For the program on the first Sunday in May, Miss Vollbehr's first school is to be reproduced. Some of those pupils, it is hoped some will be there, are Austin Miller, Beatrice of her first class; Betty Lelby Blickenstaff, Holdrege; Miss Dorothy Wisdom, Wymore; Bridge Higgins Oats, Minneapolis, Kansas. The basket dinner at 12:30 o'clock at the school is to be followed at 2 o'clock by the program. Music and remarks of tribute will comprise the remainder of the program.

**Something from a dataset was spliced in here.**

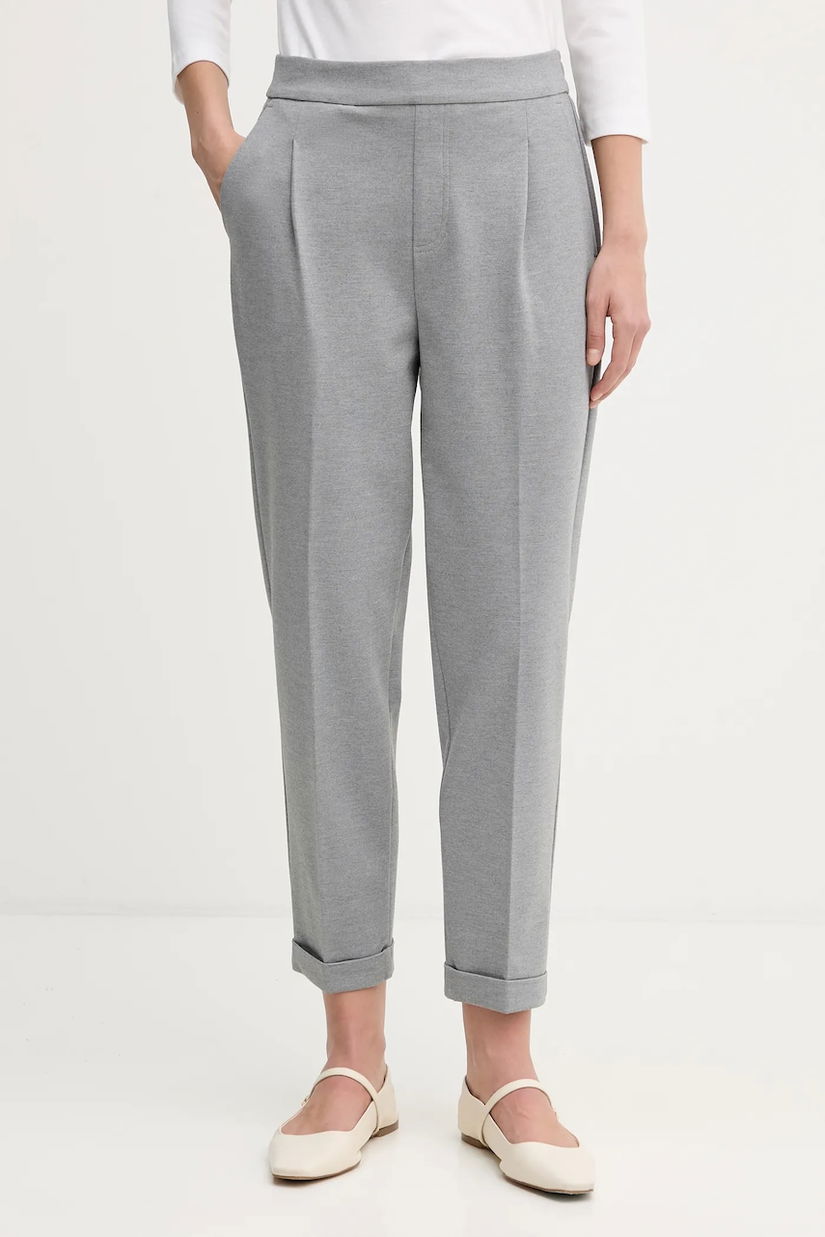 United Colors of Benetton pantaloni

They will make the formal program, yes, but they will talk of the old top buggy in which Miss Vollbehr always appeared at singing school, church services and entertainments, spelling bees and box suppers, for she loved community gatherings and always took part in them. They will tell of her thought for others, of her total forgetfulness of self, of her conscientious devotion to duty, of the collapse of the picnic table on the last day of school at Wildcat and the scramble to rescue the ham sandwiches and potato salad. They will tell of her efforts to establish a library at Wildcat, proceeds from box suppers and programs going for this purpose. They will talk of that of that first school and she will remember the young girl living eight or nine miles from town, riding lumber wagons, wanting books, long for them, wading waist dep in snow to school, starting the fires, serving as her own janitor.



Enjoyed Work



Perhaps among the guests on that May Sunday will be Mrs. Alma Bickett Crocker of Liberty, Etta's teacher at Wild Cat. Miss Vollbehr will say that she really enjoyed her rural school work, in spite of its hardships coincident with an earlier day, that she never has thought she would care for city teaching.

She will tell that when she first taught, which a superintendent came out to instruct her in the method, he didn't know much more of the intricacies than Miss Vollbehr. All subjects were graded on the basis of reading, if a child could get a professional touch there, he was certain of satisfactory grades in the other subjects. It was custom to go as far as possible in a book one year and to take up from that point the following year. There was repetition and reiteration often, but the boys and girls knew their subjects. There was something to be said about that method, Miss Vollbehr states.

A number of those there will laugh at the memory of the little boy and the kitty with a stripe down the back that he chased on the way to school. He was invited to study behind the school, the young teacher was too kind to send him home. It was my first term too and I really didn't quite know how to handle it. She laughs. He even had to recite outdoors. He couldn't do it alone among the winds, so it was suggested everybody go out to recite with him. The suggestion was followed. It may have been prompted by some little boy's eagerness to go outdoors quite as much as by a loving spirit for a fellow in distress.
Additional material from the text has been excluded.